ACTION ITEM – Give again, unaltered, the line with "Reproducir Escándalo de" and all lines that follow it in the listing below, minus any pictures.

THE INPUT –
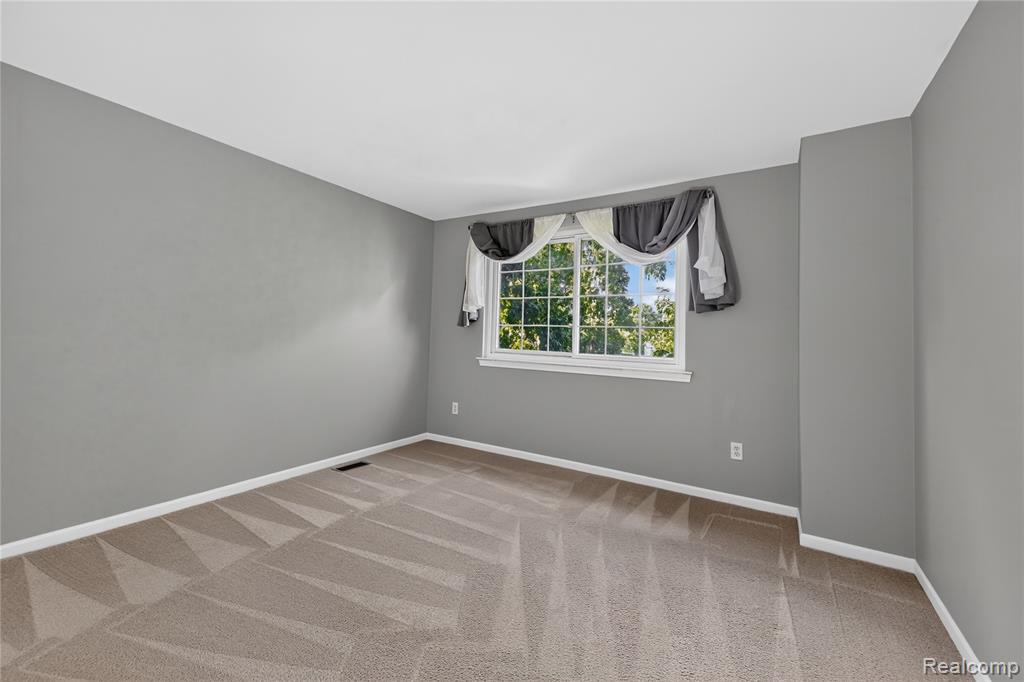 18632 Hilltop Drive Property Photo 25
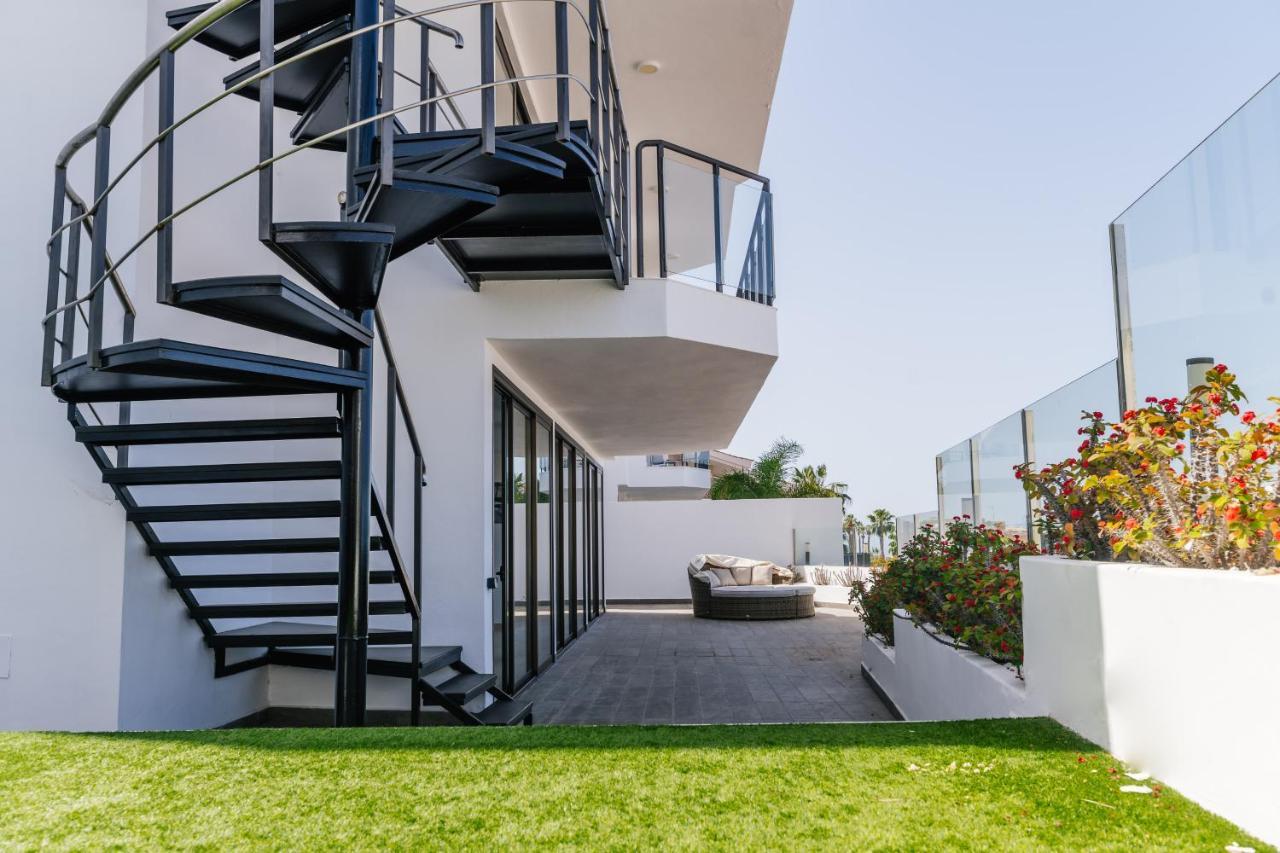 Sunset White Villa - Ocean View, Jakuzzi, Heated Pool, Air-Conditioning, Grill Playa de las Américas Dış mekan fotoğraf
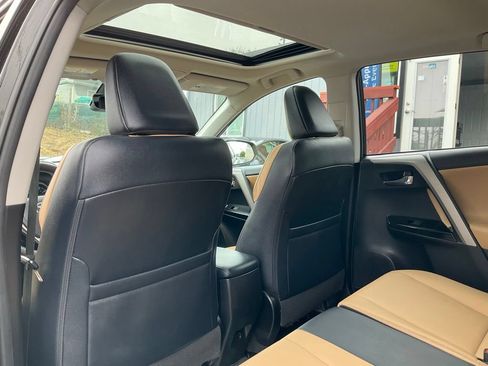 Used 2017 Toyota RAV4 Limited w/ Advanced Technology Package FWD image 39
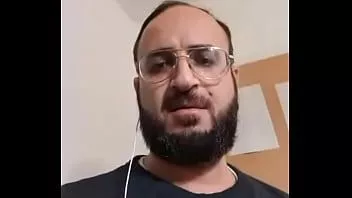 Reproducir Escándalo de abuzaid yassen atrapado masturbación en cámara 004915782474656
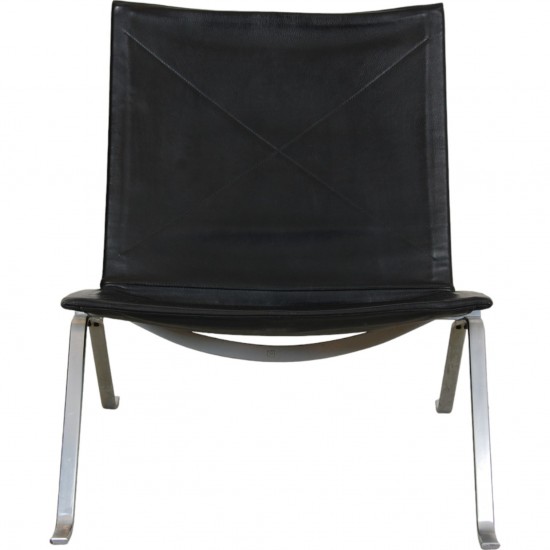 Poul Kjærholm PK22 stol i sort læder fra Kold Christensen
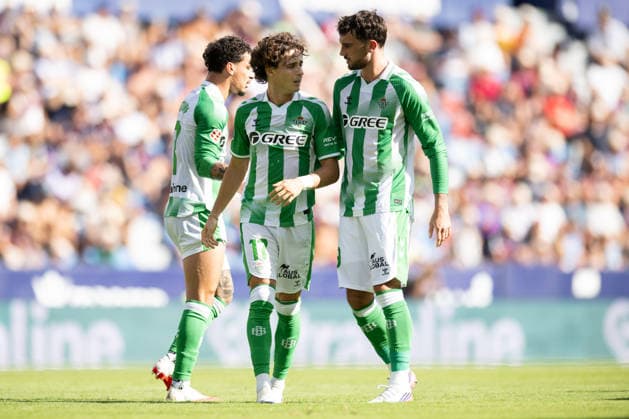 ESP: LaLiga EA Sports UD Levante v Real Betis Rodrigo Riquelme Reche of Real Betis and Troy Parrott of Real Betis during LaLiga EA Sports, between UD Levante v Real Betis played at Ciudad de Valencia Stadium in Valencia on August 29, 2026 in Spain; Valencia Spain Futbol Copyright: xAgenciaxLOFx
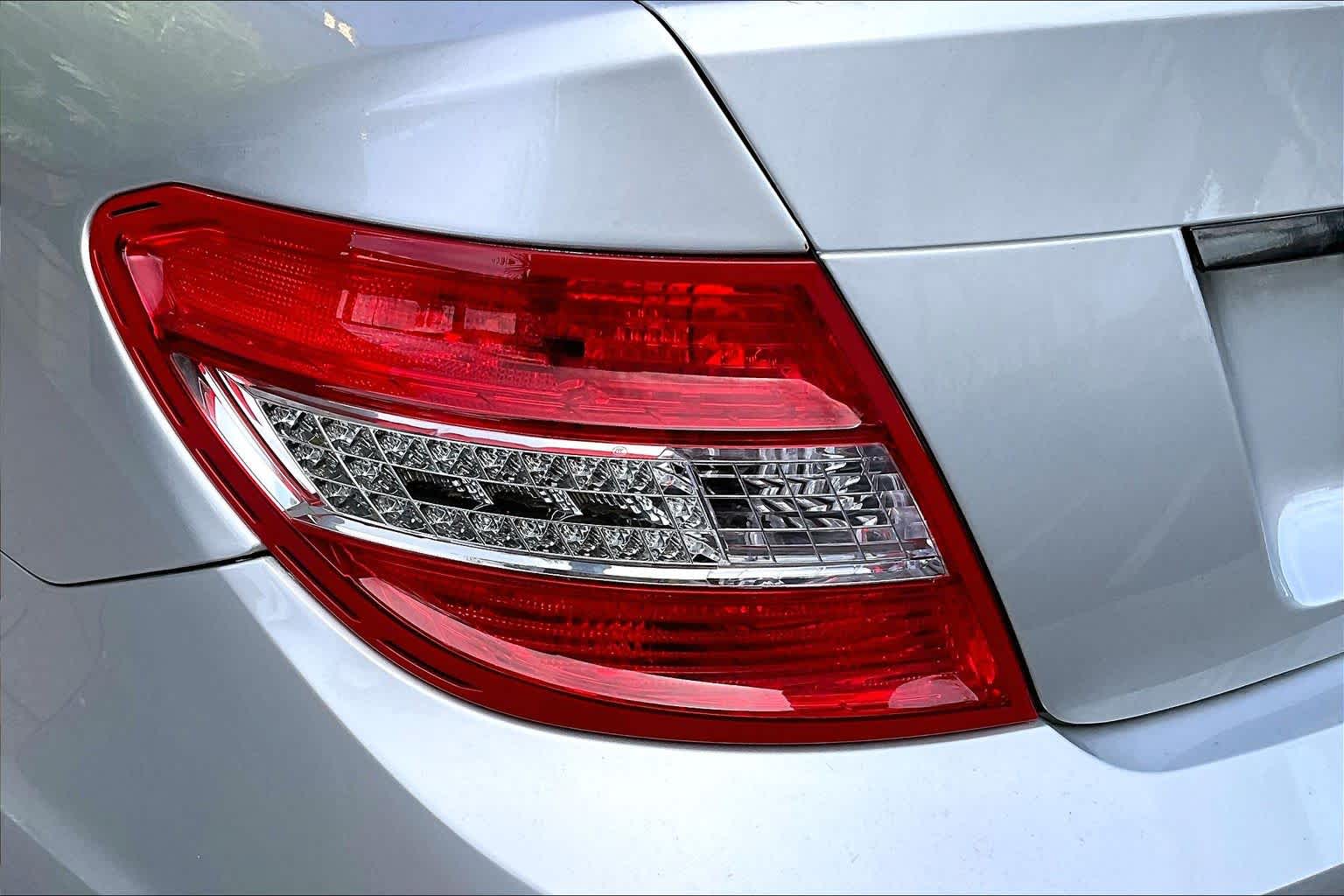 Thumbnail: 2009 Mercedes-Benz C-Class - 33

OUTPUT OF THE EXERCISE –
 Reproducir Escándalo de abuzaid yassen atrapado masturbación en cámara 004915782474656
 Poul Kjærholm PK22 stol i sort læder fra Kold Christensen
 ESP: LaLiga EA Sports UD Levante v Real Betis Rodrigo Riquelme Reche of Real Betis and Troy Parrott of Real Betis during LaLiga EA Sports, between UD Levante v Real Betis played at Ciudad de Valencia Stadium in Valencia on August 29, 2026 in Spain; Valencia Spain Futbol Copyright: xAgenciaxLOFx
 Thumbnail: 2009 Mercedes-Benz C-Class - 33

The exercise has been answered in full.